From a dusty two-seater car that drew up noisily at the door, sprang a dusty youth with a reddish face and a little black moustache.
“Is Mademoiselle Hastings in the hotel?” he asked.
“Yes, monsieur,” said Bigourdin.
“Will you kindly let her know that I am here—Monsieur Camille Fargot?”
“Monsieur Fargot,” repeated Bigourdin.
“Mademoiselle Hastings expects me,” said the young man.
“Bien, monsieur,” said Bigourdin. He retired, his duty as a good innkeeper compelling him.
Martin, comfortable in his cane chair, lit another cigarette and with dispassionate criticism inspected Monsieur Camille Fargot, who stood in the doorway, his back to the vestibule, frowning resentfully on the little car.
This then was the word of Corinna’s enigma.
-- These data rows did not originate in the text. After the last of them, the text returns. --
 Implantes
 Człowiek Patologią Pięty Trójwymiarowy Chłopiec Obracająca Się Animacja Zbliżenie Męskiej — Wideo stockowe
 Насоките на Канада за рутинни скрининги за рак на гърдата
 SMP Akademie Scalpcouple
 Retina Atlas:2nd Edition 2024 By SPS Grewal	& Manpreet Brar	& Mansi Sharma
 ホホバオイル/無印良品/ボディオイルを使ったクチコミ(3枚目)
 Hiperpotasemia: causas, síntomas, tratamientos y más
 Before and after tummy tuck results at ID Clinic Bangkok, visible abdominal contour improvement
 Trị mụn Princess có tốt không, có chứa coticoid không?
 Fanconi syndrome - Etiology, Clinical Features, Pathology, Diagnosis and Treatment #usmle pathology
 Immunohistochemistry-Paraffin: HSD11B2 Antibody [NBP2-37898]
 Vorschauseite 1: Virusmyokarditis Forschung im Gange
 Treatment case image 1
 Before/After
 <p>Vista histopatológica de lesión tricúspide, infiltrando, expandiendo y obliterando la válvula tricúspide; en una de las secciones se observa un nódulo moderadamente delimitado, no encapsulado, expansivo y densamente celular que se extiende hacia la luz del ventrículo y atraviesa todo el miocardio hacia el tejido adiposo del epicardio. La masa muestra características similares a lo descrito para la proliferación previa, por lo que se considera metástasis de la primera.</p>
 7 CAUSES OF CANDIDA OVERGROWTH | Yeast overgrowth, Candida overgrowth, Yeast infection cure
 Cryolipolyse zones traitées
To summon him by telegraph had been the object of her sortie in the hat with the pheasant’s plume. To welcome him had been the reason of her festive garb. In order to hold unembarrassed converse she had tried to send Martin away to photograph Bourdeilles. This then was the famous student in medicine who was supposed to have won Corinna’s heart. Martin who had of late added mightily to his collection of remarkable men thought him as commonplace a young student as he had encountered since the far off days of Margett’s Universal College. He seemed an indeterminate, fretful person, the kind of male over whom Corinna in her domineering way would gallop and re-gallop until she had trampled the breath out of him. Being a kindly soul, he began to feel sorry for Camille Fargot. He was tempted to go up to the young fellow, lay a hand on his shoulder and say: “If you want to lead a happy married life, my dear chap, drive straight back to Bordeaux and marry somebody else.” By doing so, he would indubitably contribute to the greatest happiness of the greatest number of human beings and would rank among the philanthropists of his generation. But Martin still retained much of his timidity and he also had a comradely feeling towards Corinna. If she regarded this dusty and undistinguished young gentleman as the rock of her salvation, who was he, powerless himself to indicate any other rock of any kind, to offer objection?
So realising the absurdity of standing on guard against so insignificant a danger as Monsieur Camille Fargot, student in medicine, and not desiring to disconcert Corinna by his presence should she descend to the vestibule to meet her lover, he courteously begged pardon of the frowning young man who blocked the doorway, and, passing by him, walked meditatively down the road.